The cage lock beeped open as they both pulled back in surprise and stared at each other. Kincaid swung around the door threshold, his hands never leaving her. He bent quickly to sniff beneath her left ear.
“What?” She knew something was wrong. And she was too smart not to know what was happening. But anxiety was blocking her comprehension. She broke away from him except for his hand, pulling him toward the door. “You have to go! There’re two guards at the end of the hall, and my card will take you up to the top dormitory level. But . . .”
“Jena.”
He stopped her, pulling her back toward him. He lifted her hand, the fingers that gripped his with painful fear, and touched his lips to them.
She shook her head, tears leaping into her eyes, her voice suddenly gone.
“What’d he do to you, babe?”
She shook her head again. “Nothing more than what I deserved,” she croaked. How iro
nic this was, she thought. But it made sense, didn’t it? Paulson found her to be the most precious of commodities. He wouldn’t want anything to happen to his golden goose. And there was only one way he could guarantee that.
She realized all of the itching under her skin had stopped the minute she’d come into contact with Kin. It had changed into something else. A hunger. A wild, unbelievable hunger. A hunger so extreme that her mouth began to ache. It made her realize she’d hardly eaten a thing these past few days. It made her realize a lot of things.
“It doesn’t matter,” she said hastily, trying to push all that aside, trying again to pull him toward the door. “You have to go!”
“I have to go? And what about you?” he demanded.
“I don’t have the strength to keep up with you. I’ll stay behind as a distraction. If I go he’ll just tear up the world hunting me down again. It’s more important that you get free.”
“And you think I’ll do that? You think I’ll leave you here to suffer a lifetime of Paulson’s retributions? To suffer his tactics as he tries to force you to give up a technique you don’t have?”

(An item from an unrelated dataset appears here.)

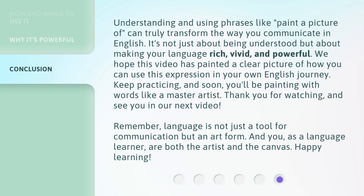Keep practicing, and soon you'll be painting with words like a master artist. Thank you for watching, and see you in our next video. Remember, language is not just a tool for communication but an art form. And you, as a language learner, are both the artist and the canvas. Happy learning!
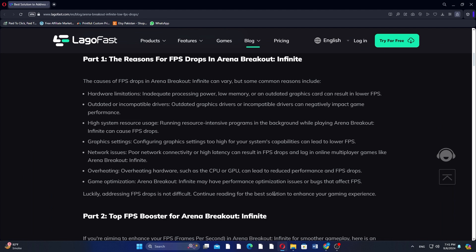Hardware limitations — inadequate processing power, low memory, or an outdated graphics card can result in lower FPS. Outdated or incompatible graphics drivers can negatively impact game performance. Configuring graphics settings too high for your system's capabilities can also lead to lower FPS.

“Actually, I already suspected she didn’t have it.”
They both jolted around to see Paulson standing in the doorway, and Jenesis felt her entire world bottom out. Of course. Of course, she thought numbly. Paulson was too thorough for it to make any sense that she would be able to get past guards and locks so easily. But she hadn’t thought of that. She’d had a single-minded focus. She’d needed to get to Kincaid. She needed him. Even as she stood there, she felt her whole body burning with that need. As he pulled her protectively against himself, she felt her body wriggling of its own accord to burrow against him. Heat burned through her as she came into snug contact with him. A heat like nothing she’d ever felt. She forgot all about Paulson. Forgot all about their chances for escape evaporating into thin air.